#### Input
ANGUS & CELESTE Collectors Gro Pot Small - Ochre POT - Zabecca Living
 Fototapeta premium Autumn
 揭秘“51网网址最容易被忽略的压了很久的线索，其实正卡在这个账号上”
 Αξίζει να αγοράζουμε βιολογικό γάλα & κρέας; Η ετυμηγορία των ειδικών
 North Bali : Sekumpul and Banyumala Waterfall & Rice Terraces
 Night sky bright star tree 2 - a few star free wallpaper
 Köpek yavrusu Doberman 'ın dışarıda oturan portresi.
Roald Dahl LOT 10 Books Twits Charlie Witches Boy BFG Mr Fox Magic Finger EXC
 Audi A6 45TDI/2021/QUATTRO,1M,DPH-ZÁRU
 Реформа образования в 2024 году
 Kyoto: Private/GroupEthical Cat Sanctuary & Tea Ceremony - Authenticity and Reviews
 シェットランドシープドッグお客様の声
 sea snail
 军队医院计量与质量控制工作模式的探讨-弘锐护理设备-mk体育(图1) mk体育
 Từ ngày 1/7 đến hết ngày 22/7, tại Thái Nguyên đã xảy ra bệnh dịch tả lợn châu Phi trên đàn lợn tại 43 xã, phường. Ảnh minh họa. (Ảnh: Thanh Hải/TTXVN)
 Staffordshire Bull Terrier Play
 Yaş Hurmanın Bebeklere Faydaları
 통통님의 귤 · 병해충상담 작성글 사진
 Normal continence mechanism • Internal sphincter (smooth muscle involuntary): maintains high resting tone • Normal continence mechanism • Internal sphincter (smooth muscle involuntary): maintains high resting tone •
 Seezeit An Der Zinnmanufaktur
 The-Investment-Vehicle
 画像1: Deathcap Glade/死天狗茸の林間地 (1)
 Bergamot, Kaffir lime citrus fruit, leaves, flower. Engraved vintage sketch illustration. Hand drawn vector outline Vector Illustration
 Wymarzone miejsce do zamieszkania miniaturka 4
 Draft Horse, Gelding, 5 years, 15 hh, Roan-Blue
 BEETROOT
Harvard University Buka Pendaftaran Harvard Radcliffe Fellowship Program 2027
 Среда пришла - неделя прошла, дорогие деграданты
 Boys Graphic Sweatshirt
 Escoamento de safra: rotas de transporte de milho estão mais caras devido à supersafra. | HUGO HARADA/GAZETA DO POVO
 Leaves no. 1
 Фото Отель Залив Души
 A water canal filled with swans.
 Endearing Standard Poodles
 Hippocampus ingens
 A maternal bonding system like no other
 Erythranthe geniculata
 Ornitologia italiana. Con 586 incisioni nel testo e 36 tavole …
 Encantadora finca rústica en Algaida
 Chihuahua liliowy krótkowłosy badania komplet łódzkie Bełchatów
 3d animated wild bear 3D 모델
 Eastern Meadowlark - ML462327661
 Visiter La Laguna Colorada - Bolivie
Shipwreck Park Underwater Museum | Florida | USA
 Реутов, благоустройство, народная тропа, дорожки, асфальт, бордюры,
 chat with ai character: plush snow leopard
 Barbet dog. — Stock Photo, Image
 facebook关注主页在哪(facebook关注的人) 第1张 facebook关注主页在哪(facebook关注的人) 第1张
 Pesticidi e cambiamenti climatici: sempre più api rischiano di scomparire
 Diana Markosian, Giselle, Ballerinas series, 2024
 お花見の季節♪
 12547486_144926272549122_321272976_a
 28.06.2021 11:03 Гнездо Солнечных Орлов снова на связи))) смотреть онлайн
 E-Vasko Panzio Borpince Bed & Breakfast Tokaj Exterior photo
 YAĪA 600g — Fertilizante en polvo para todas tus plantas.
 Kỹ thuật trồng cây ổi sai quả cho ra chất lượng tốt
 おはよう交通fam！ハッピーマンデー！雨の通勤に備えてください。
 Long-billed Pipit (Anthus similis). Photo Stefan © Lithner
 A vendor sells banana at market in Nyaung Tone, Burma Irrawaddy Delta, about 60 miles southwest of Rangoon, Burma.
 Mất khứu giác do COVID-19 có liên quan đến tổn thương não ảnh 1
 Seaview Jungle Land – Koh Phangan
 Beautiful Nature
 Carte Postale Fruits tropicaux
########
(Task description) Write out the full set of records exactly as given.

(Exercise output)
ANGUS & CELESTE Collectors Gro Pot Small - Ochre POT - Zabecca Living
 Fototapeta premium Autumn
 揭秘“51网网址最容易被忽略的压了很久的线索，其实正卡在这个账号上”
 Αξίζει να αγοράζουμε βιολογικό γάλα & κρέας; Η ετυμηγορία των ειδικών
 North Bali : Sekumpul and Banyumala Waterfall & Rice Terraces
 Night sky bright star tree 2 - a few star free wallpaper
 Köpek yavrusu Doberman 'ın dışarıda oturan portresi.
Roald Dahl LOT 10 Books Twits Charlie Witches Boy BFG Mr Fox Magic Finger EXC
 Audi A6 45TDI/2021/QUATTRO,1M,DPH-ZÁRU
 Реформа образования в 2024 году
 Kyoto: Private/GroupEthical Cat Sanctuary & Tea Ceremony - Authenticity and Reviews
 シェットランドシープドッグお客様の声
 sea snail
 军队医院计量与质量控制工作模式的探讨-弘锐护理设备-mk体育(图1) mk体育
 Từ ngày 1/7 đến hết ngày 22/7, tại Thái Nguyên đã xảy ra bệnh dịch tả lợn châu Phi trên đàn lợn tại 43 xã, phường. Ảnh minh họa. (Ảnh: Thanh Hải/TTXVN)
 Staffordshire Bull Terrier Play
 Yaş Hurmanın Bebeklere Faydaları
 통통님의 귤 · 병해충상담 작성글 사진
 Normal continence mechanism • Internal sphincter (smooth muscle involuntary): maintains high resting tone • Normal continence mechanism • Internal sphincter (smooth muscle involuntary): maintains high resting tone •
 Seezeit An Der Zinnmanufaktur
 The-Investment-Vehicle
 画像1: Deathcap Glade/死天狗茸の林間地 (1)
 Bergamot, Kaffir lime citrus fruit, leaves, flower. Engraved vintage sketch illustration. Hand drawn vector outline Vector Illustration
 Wymarzone miejsce do zamieszkania miniaturka 4
 Draft Horse, Gelding, 5 years, 15 hh, Roan-Blue
 BEETROOT
Harvard University Buka Pendaftaran Harvard Radcliffe Fellowship Program 2027
 Среда пришла - неделя прошла, дорогие деграданты
 Boys Graphic Sweatshirt
 Escoamento de safra: rotas de transporte de milho estão mais caras devido à supersafra. | HUGO HARADA/GAZETA DO POVO
 Leaves no. 1
 Фото Отель Залив Души
 A water canal filled with swans.
 Endearing Standard Poodles
 Hippocampus ingens
 A maternal bonding system like no other
 Erythranthe geniculata
 Ornitologia italiana. Con 586 incisioni nel testo e 36 tavole …
 Encantadora finca rústica en Algaida
 Chihuahua liliowy krótkowłosy badania komplet łódzkie Bełchatów
 3d animated wild bear 3D 모델
 Eastern Meadowlark - ML462327661
 Visiter La Laguna Colorada - Bolivie
Shipwreck Park Underwater Museum | Florida | USA
 Реутов, благоустройство, народная тропа, дорожки, асфальт, бордюры,
 chat with ai character: plush snow leopard
 Barbet dog. — Stock Photo, Image
 facebook关注主页在哪(facebook关注的人) 第1张 facebook关注主页在哪(facebook关注的人) 第1张
 Pesticidi e cambiamenti climatici: sempre più api rischiano di scomparire
 Diana Markosian, Giselle, Ballerinas series, 2024
 お花見の季節♪
 12547486_144926272549122_321272976_a
 28.06.2021 11:03 Гнездо Солнечных Орлов снова на связи))) смотреть онлайн
 E-Vasko Panzio Borpince Bed & Breakfast Tokaj Exterior photo
 YAĪA 600g — Fertilizante en polvo para todas tus plantas.
 Kỹ thuật trồng cây ổi sai quả cho ra chất lượng tốt
 おはよう交通fam！ハッピーマンデー！雨の通勤に備えてください。
 Long-billed Pipit (Anthus similis). Photo Stefan © Lithner
 A vendor sells banana at market in Nyaung Tone, Burma Irrawaddy Delta, about 60 miles southwest of Rangoon, Burma.
 Mất khứu giác do COVID-19 có liên quan đến tổn thương não ảnh 1
 Seaview Jungle Land – Koh Phangan
 Beautiful Nature
 Carte Postale Fruits tropicaux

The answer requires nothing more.